Documentos falsificados de produtores mortos
Uma das fraudes mais graves reveladas pelo inquérito da Polícia Federal diz respeito ao uso de documentos falsificados em nome de produtores rurais já falecidos. Segundo a investigação, a organização criminosa produziu recibos ideologicamente falsos para simular a compra de leite de pequenos agricultores, com o objetivo de justificar repasses de dinheiro público à cooperativa de fachada.
De acordo com a apuração, pelo menos 33 pessoas mortas tiveram seus nomes utilizados indevidamente. Entre os casos identificados está o de um agricultor do Agreste de Pernambuco, falecido em 2011, mas que aparece como fornecedor de 1,5 mil litros de leite em 2014, três anos após a morte. Outro produtor, que morreu em março de 2011, figura como responsável pelo fornecimento de 5,4 mil litros no mesmo ano.
A prática não se limitava ao uso indevido dos nomes. O inquérito aponta que as assinaturas nos recibos eram falsificadas com o intuito de conferir aparência de legalidade aos documentos, e que parte desses recibos foi utilizada em prestações de contas encaminhadas à Secretaria de Desenvolvimento Agrário de Pernambuco, como comprovação de despesa do Programa Leite de Todos.

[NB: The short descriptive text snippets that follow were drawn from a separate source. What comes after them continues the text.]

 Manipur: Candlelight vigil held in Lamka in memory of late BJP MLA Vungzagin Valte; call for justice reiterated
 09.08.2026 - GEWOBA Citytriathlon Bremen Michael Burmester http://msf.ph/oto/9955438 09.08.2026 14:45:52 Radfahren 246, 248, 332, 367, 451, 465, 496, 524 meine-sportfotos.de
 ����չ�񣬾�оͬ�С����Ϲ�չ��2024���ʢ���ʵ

Ligação com ex-servidores públicos
Além de empresários e dirigentes das empresas envolvidas, o inquérito também resultou no indiciamento de ex-servidores da Secretaria de Desenvolvimento Agrário de Pernambuco (SDA/PE). Entre os investigados estão antigos ocupantes de cargos estratégicos, como chefias de gabinete, gerências jurídicas, setores responsáveis por articulação regional e processos de licitação.
Segundo o inquérito da Polícia Federal, parte desses ex-funcionários públicos teria atuado de forma deliberada para facilitar contratações milionárias entre o governo do estado e entidades sem atuação real, como uma nova organização de fachada criada após o desgaste da cooperativa inicialmente utilizada no esquema.

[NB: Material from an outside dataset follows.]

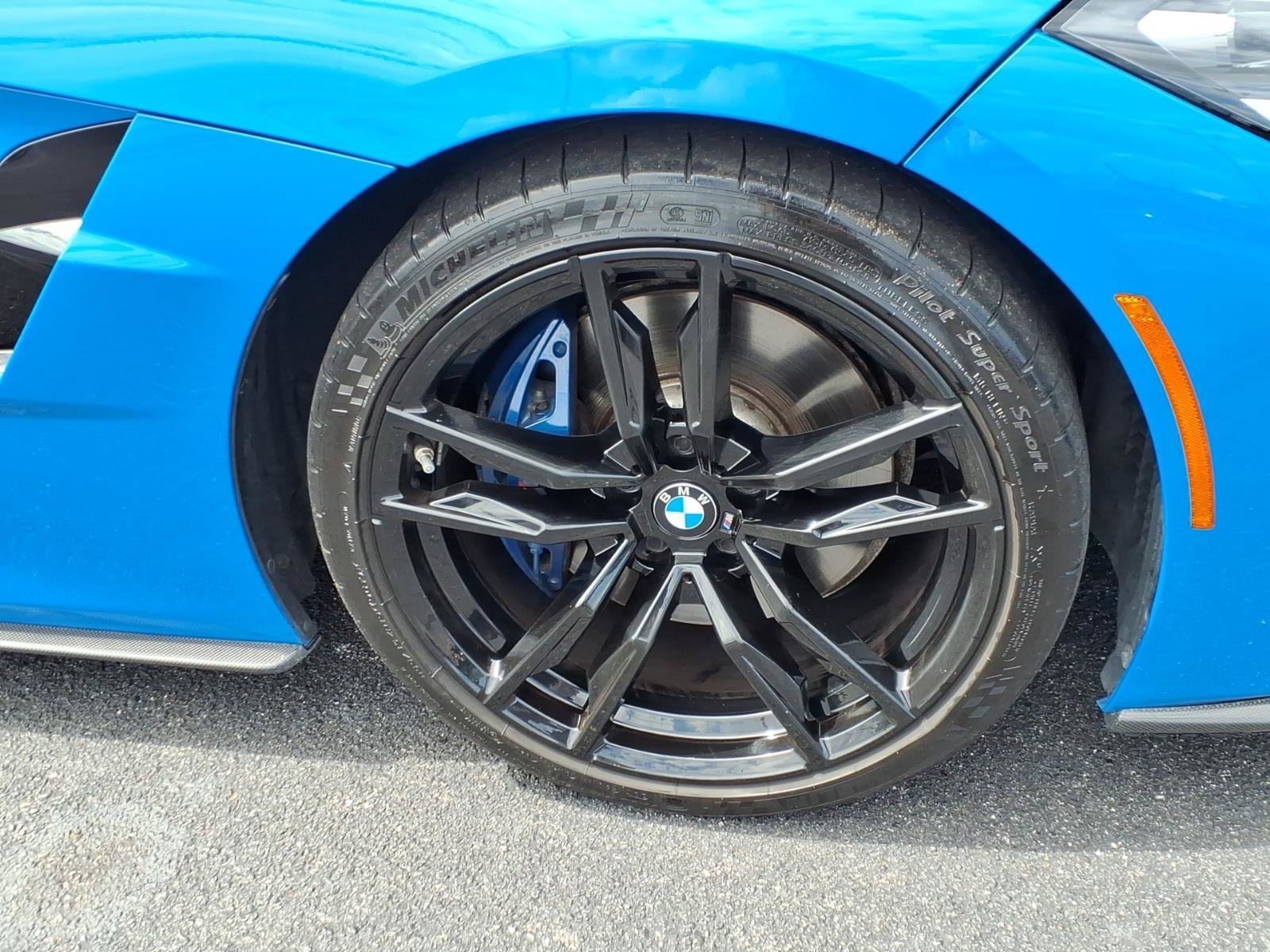 Used 2020 BMW Z4 M40i w/ Premium Package RWD image 9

De acordo com a investigação, as práticas criminosas se estenderam por quase uma década, com uso de manobras como interposição de pessoas, constituição de empresas fictícias e movimentações financeiras suspeitas como saques em espécie de grandes valores sem identificação do destino final. Tais condutas configuram, segundo o relatório, elementos clássicos de lavagem de dinheiro e foram essenciais para garantir a longevidade e o funcionamento do esquema fraudulento.
Núcleos da organização
A organização criminosa era dividida em núcleos operacionais, conforme apontou a investigação: líderes, gerentes, auxiliares, responsáveis pela produção, testas de ferro, falsificadores, laranjas e servidores públicos.
Parte dos bens do grupo já está sob medidas judiciais de bloqueio e confisco, com o objetivo de ressarcir os cofres públicos e impedir a continuidade das atividades ilícitas.
O g1 entrou em contato com a empresa Natural da Vaca e com a COOPEAGRI para solicitar posicionamentos sobre os fatos citados, mas, até a última atualização desta reportagem, não obteve resposta.
Também foram acionadas as assessorias de imprensa do Governo de Pernambuco para que a Secretaria de Desenvolvimento Agrário se posicionasse sobre as suspeitas de falhas nos processos de contratação e a possível conivência de ex-servidores públicos com o esquema investigado.
Além disso, o g1 questionou se houve fiscalização quanto à procedência do leite distribuído a estudantes da rede estadual. Até a última atualização da reportagem, não houve retorno.